▶ DATA BELOW:
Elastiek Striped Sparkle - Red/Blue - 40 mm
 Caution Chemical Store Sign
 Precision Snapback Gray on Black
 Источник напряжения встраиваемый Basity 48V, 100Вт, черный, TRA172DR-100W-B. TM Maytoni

▶ TRY IT: All of the data should be retyped exactly.

▶ WRITTEN SOLUTION:
Elastiek Striped Sparkle - Red/Blue - 40 mm
 Caution Chemical Store Sign
 Precision Snapback Gray on Black
 Источник напряжения встраиваемый Basity 48V, 100Вт, черный, TRA172DR-100W-B. TM Maytoni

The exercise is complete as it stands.